Ben Stiller admired his parents’ relationship

Even when Jerry lost Meara, they had been together more than six decades. Ben admired his parents, especially when he got to see them work in person. 

Ben Stiller's Parents
Jerry Stiller and Anne Meara | Walter McBride/Corbis via Getty Images

“My dad and my mom, they were such a unit together,” Stiller told Fallon. “They just had this amazing chemistry and were married for 60+ years and worked together their whole lives. To watch them do their thing together, the way he was always funny, he wasn’t really trying to be funny. He wanted to be funny but he wouldn’t go for a laugh. He would just be himself.”

Jerry Stiller and Anne Meara go back to the ’50s

Jerry and Meara were an item in the 1950s and they married. The Stiller and Meara comedy act began a decade later. 

Jerry Stiller and Anne Meara | Walter McBride/Corbis via Getty Images

“They started out in the late ’50s,” Stiller said. “They got married in 1953. I think they started doing their act around 1960 to try to make money because they were both starving actors.”

Comedy was Jerry Stiller’s idea 

Ben says his father was the one pushing for them to be a comedy act.

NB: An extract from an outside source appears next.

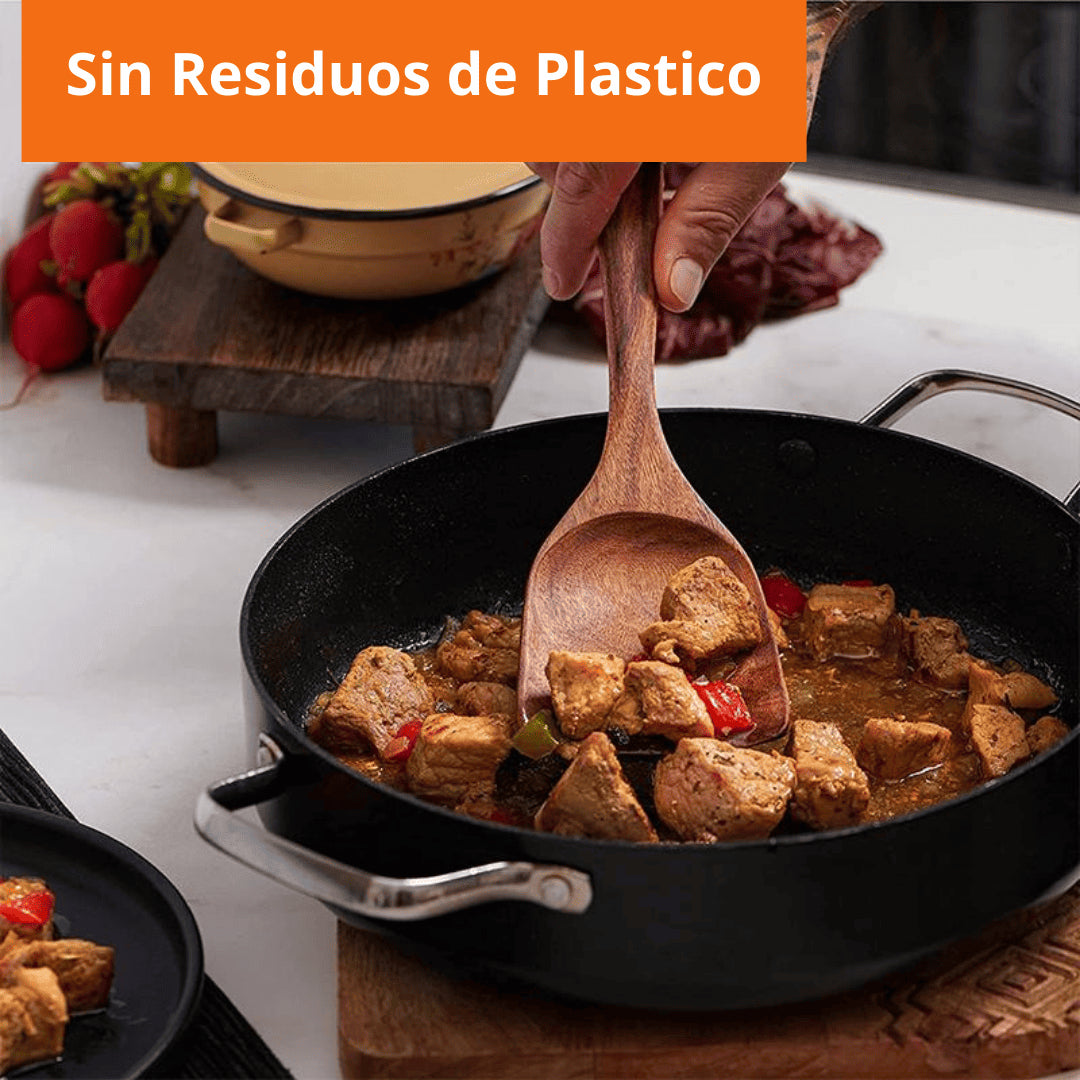 Set EcoMadera®| Cocina Libre de Plástico - 6 Piezas.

Meara had aspirations for drama, which she still got to do.

Stiller and Meara's star
Jerry Stiller and Anne Meara’s star on the Hollywood Walk of Fame | Jason LaVeris/WireImage

“My dad always wanted to do comedy,’ Stiller said. “My mom never really did. She was a serious actress. My dad dragged her into it and of course she was brilliant at it. It always stressed her out.”

The Stillers landed primo gigs

When Stiller and Meara were on the scene, The Ed Sullivan Show was the primo gig for a comedian, like The Tonight Show became. Sullivan kept inviting them back. 

The Tonight Show
The Tonight Show | NBCUniversal

“They’d go on The Ed Sullivan Show which was huge, 30 million people watching,” Stiller said. “He had to invite you back the next week so there was always that pressure, every time they went on. They did it 35 times, something like that.” 

Ben Stiller can see how many people his parents impacted

Although losing Jerry is a tragedy, one silver lining for Ben has been the outpouring of support from people close to both Jerry and Meara. It shows Ben that his parents not only loved each other, but they loved colleagues and friends, who loved them in return.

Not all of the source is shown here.